Stanley Ndunduma

Personal information
- Date of birth: 5 March 1963
- Place of birth: Salisbury, Federation of Rhodesia and Nyasaland
- Date of death: 2 November 1994 (aged 31)
- Place of death: Swaziland
- Position: Right winger

Senior career*
- Years: Team / Apps / (Gls)
- 1980–1983: CAPS United
- 1984–1989: Black Rhinos

International career
- Zimbabwe U20
- Zimbabwe U23
- 1981–1989: Zimbabwe / 62 / (9)

Managerial career
- 0000–1994: Eleven Men in Flight

= Stanley Ndunduma =

Zimbabwean association football player (1963–1994)

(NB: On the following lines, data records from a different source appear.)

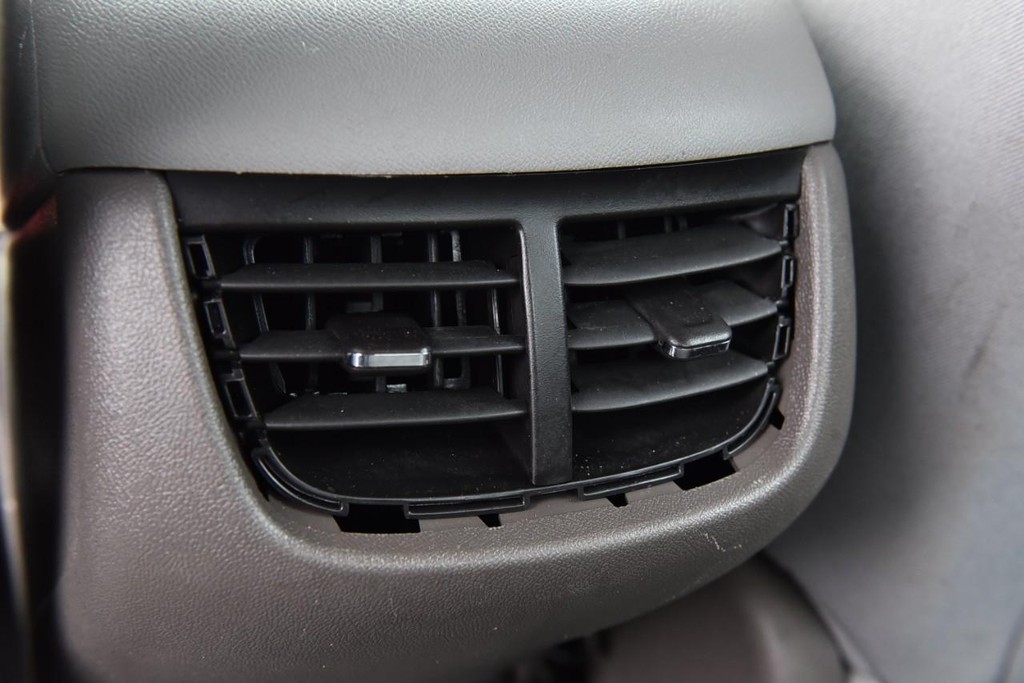 Chevrolet Malibu Vehicle Full-screen Gallery Image 20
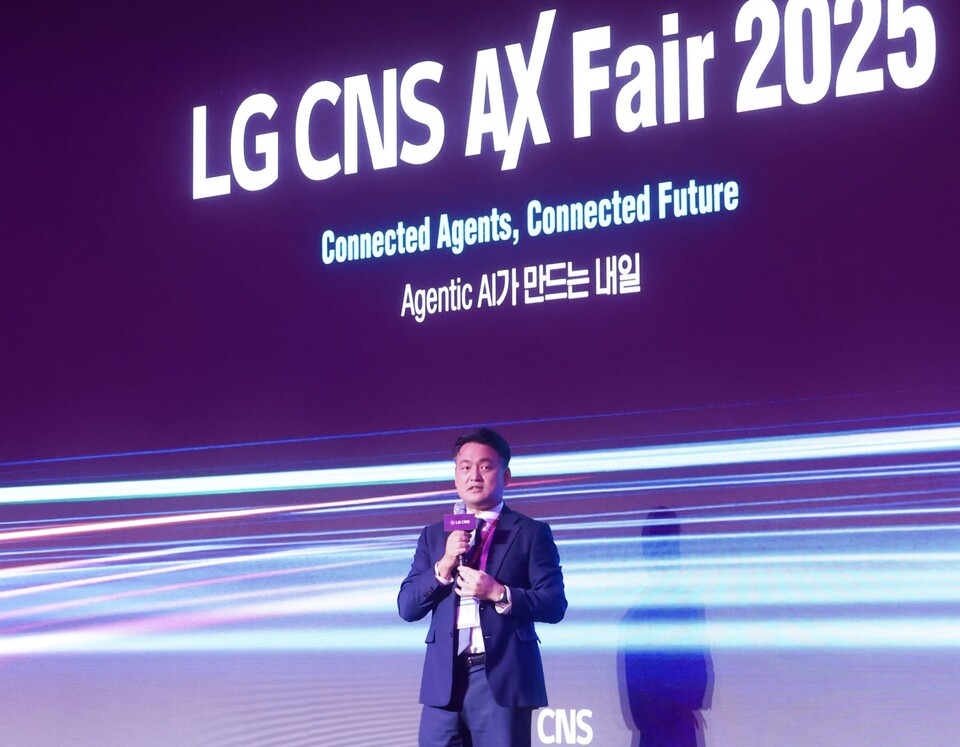ⓒAP신문(AP뉴스)/ 이미지 제공 = LG CNS ▲30일 여의도 콘래드호텔에서 열린 LG CNS 고객초청 행사 'AX페어 2025'에서 김태훈 LG CNS AI클라우드사업부장 전무가 환영사를 하고 있다.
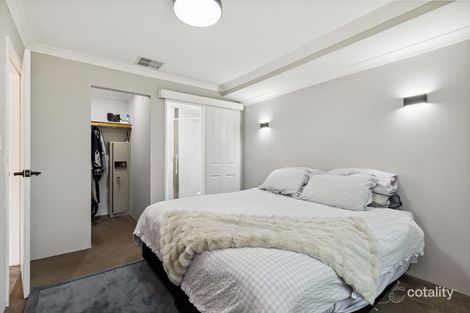 Property photo of 4 Daintree Loop Ellenbrook WA 6069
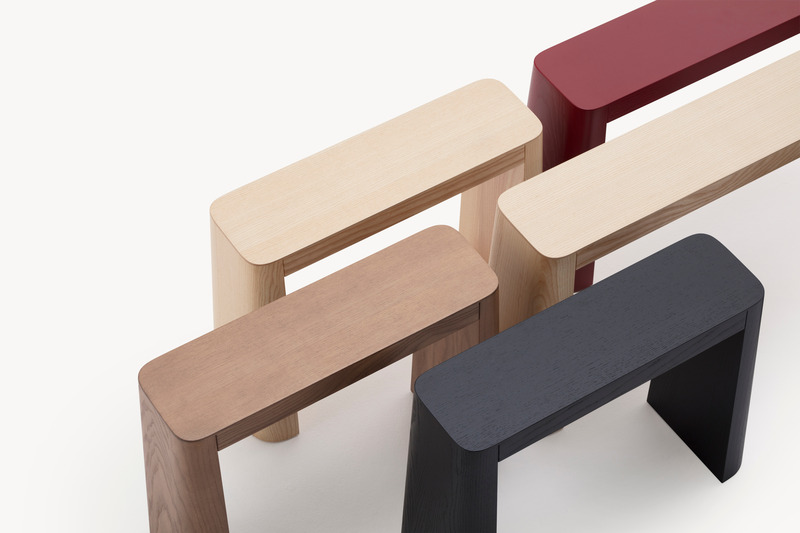 Dossier de presse | 4232-30 - Communiqué de presse | AX et Mule : fruit d’une nouvelle collaboration entre Alessandro Stabile et Zilio A&C - Zilio A&C - Produit -   <p class="">Solide continuité des élégants bancs Mule<br></p>   - Crédit photo : Matteo Lavazza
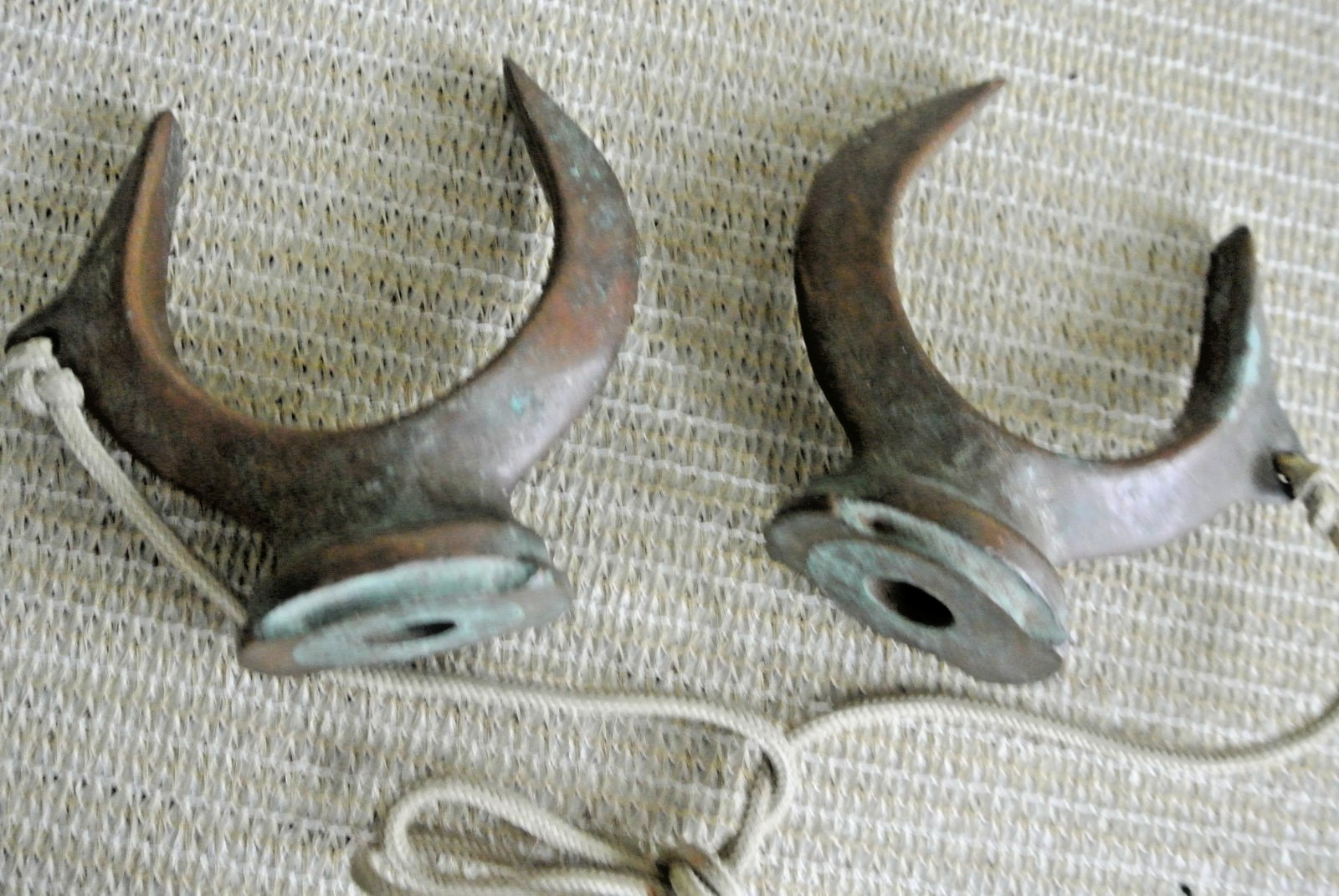 VTG Oarlock? Bronze Oar Locks Pair w/ Flat Mount Sockets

Stanley Ndunduma (5 March 1963 – 2 November 1994), nicknamed "Sinyo", was a Zimbabwean footballer who played as a right winger for the Zimbabwe national team.

==Career==
Ndunduma made 62 appearance for the Zimbabwe national team, scoring nine goals. His debut for Zimbabwe came on 11 April 1981, in a 1–0 defeat to Zambia during 1982 African Cup of Nations qualification, while his final appearance came on 13 August 1989, in a 1–0 defeat to the Ivory Coast in 1990 FIFA World Cup qualification.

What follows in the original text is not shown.